All have their values, but one thing that is missing from "all" ingest protocols is some way to track ingest telemetry better. Our biggest problems with multiple 3rd party encoders is knowing what is failing, where, and why -- and pushing that info to the customer to solve things early. There's no work around standardizing ingest telemetry between encoders and services... Akamai designed some protocols, but they never took off.

Keep reading to get 1) context and 2) my take.

Context

Regarding enterprise latency:

So what's broadcast latency and what is enterprise latency?

When you want to match broadcast latency, you want to match the "broadcast happening in the real world". There are two approaches to achieve this:

  1. Reduce the latency of your OTT stream as much as possible, for example by using "low latency streaming protocols".
  2. Synchronize your broadcast stream with your OTT stream, for example by adding a delay to the broadcast signal that non-OTT viewers are seeing, and using timed metadata which allows your OTT stream to be "in sync" with your broadcast stream. This isn't straightforward, because different platforms support different types of streams (in different ways) and different types of metadata. (There's still the possibility that "real" people might have access to the broadcast event without any delay by being physically there, for example a sports game.)

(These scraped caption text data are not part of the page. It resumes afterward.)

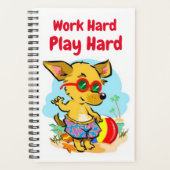 "Work Hard Play Hard" Funny Beach Dog Journal Planer (Vorderseite)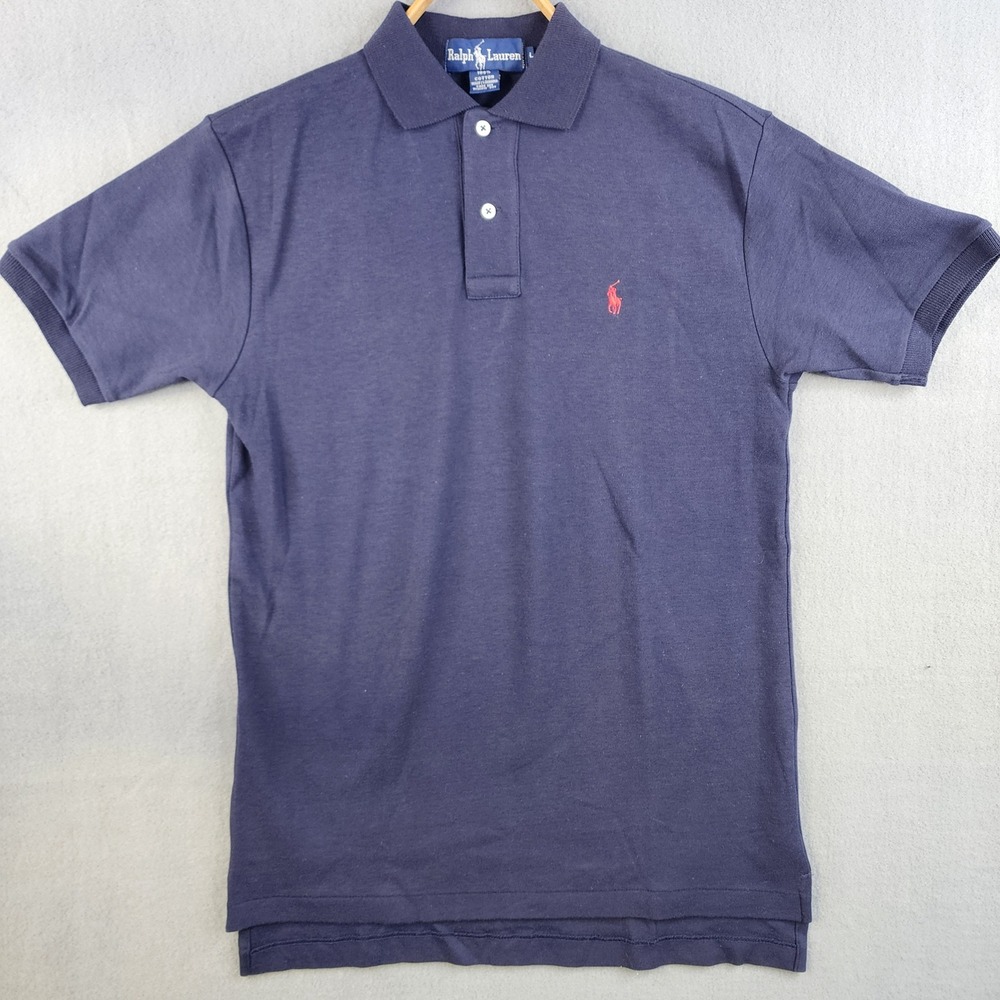Ralph‎ Lauren Men Polo Shirt Size L Navy Blue Red Pony Short Sleeve Cotton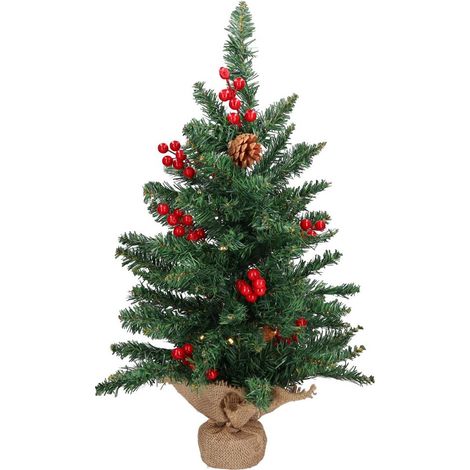 Sapin de Noël artificiel "Ponak" avec 20 LEDs (2,25W 3000K 4,5V) IP20 Ø35x60cm coloris vert rouge et marron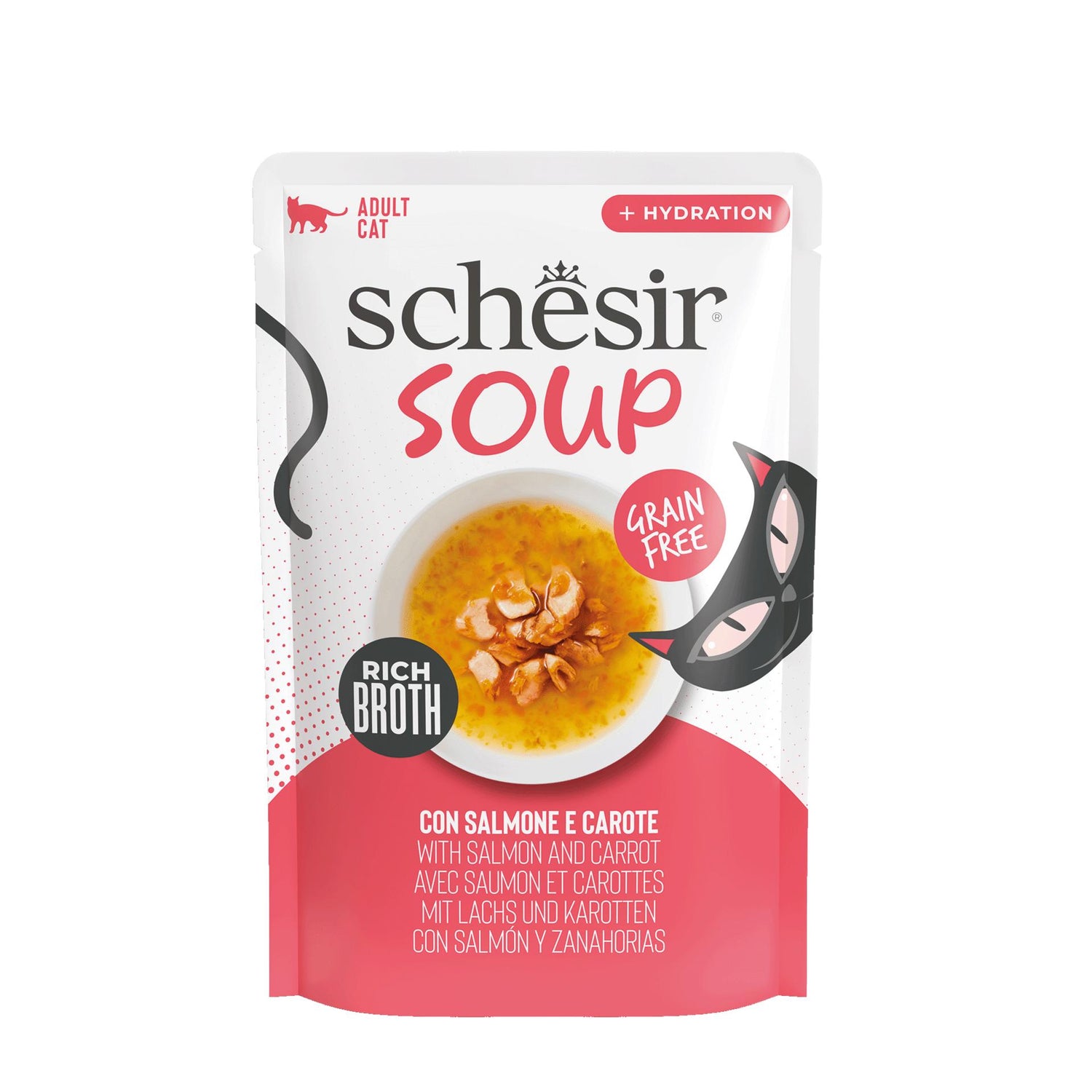 Comida Húmida para Gato Adulto Sopa Salmão e Cenoura Schesir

I want to say that enterprise latency is similar to the second approach. But, on top of syncing your "broadcast stream" and your "OTT stream", you might also need to synchronize chats, quizes, multiple streams (e.g. web conference), ...

Regarding ingest protocols:

In the context of live video on a website, you could argue that an ingest stream is the "input" of that live video on a website. "Something" will take that ingest stream, process it, and transform it to a "final" stream.

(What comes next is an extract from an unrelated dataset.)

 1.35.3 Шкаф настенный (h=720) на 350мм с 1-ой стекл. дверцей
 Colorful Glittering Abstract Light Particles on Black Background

When you're watching a live stream on Twitch or YouTube, you are not watching the ingest stream. The ingest stream comes out of a camera, and gets fed to a studio/encoder/transcoder/packager. This step takes the ingest stream, transforms it, and creates the "final" video stream you watch on Twitch/YouTube. This final stream is often an "OTT stream", such as HLS or DASH.

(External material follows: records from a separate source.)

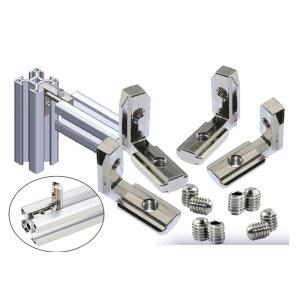 10PCS T 슬롯 L 자형 알루미늄 프로파일 내부 코너 커넥터 브래킷 3030 4040 4545 EU Alu 나사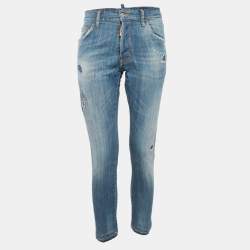 مملوكة مسبقًا  Dsquared2 Blue Denim Distressed Slim Fit Jeans L/Waist 31
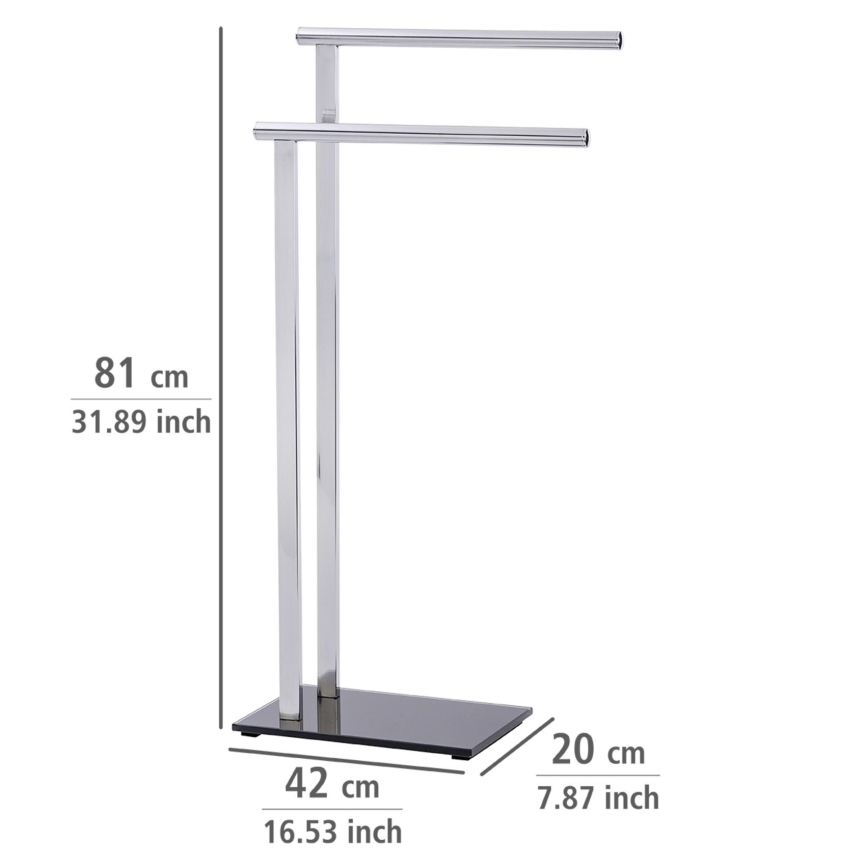 WENKO 22090100 - Handtuchständer LAVA 42x81 cm Edelstahl/silber/schwarz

Why can't the ingest stream be the final stream?

Ingest streams don't scale. You need to process them before you can send them to millions of viewers. This usually involves re-encoding the content, putting it in a different kind of format, and encrypting it.

RTMP is the "oldest" ingest protocol. SRT and RIST are newer types of ingest protocols. An RTMP/SRT/RIST stream follows the RTMP/SRT/RIST protocol.

My take

This is difficult stuff.

  • Doing low latency correct for a broadcast stream is hard. Doing low latency + syncing for an enterprise stream is really hard.
  • Ingest telemetry isn't the most flashy topic.

Most streaming efforts are focused on the B2C market, and not so much on a niche B2B market. It'll be tough for John to find a community who wants to collaborate.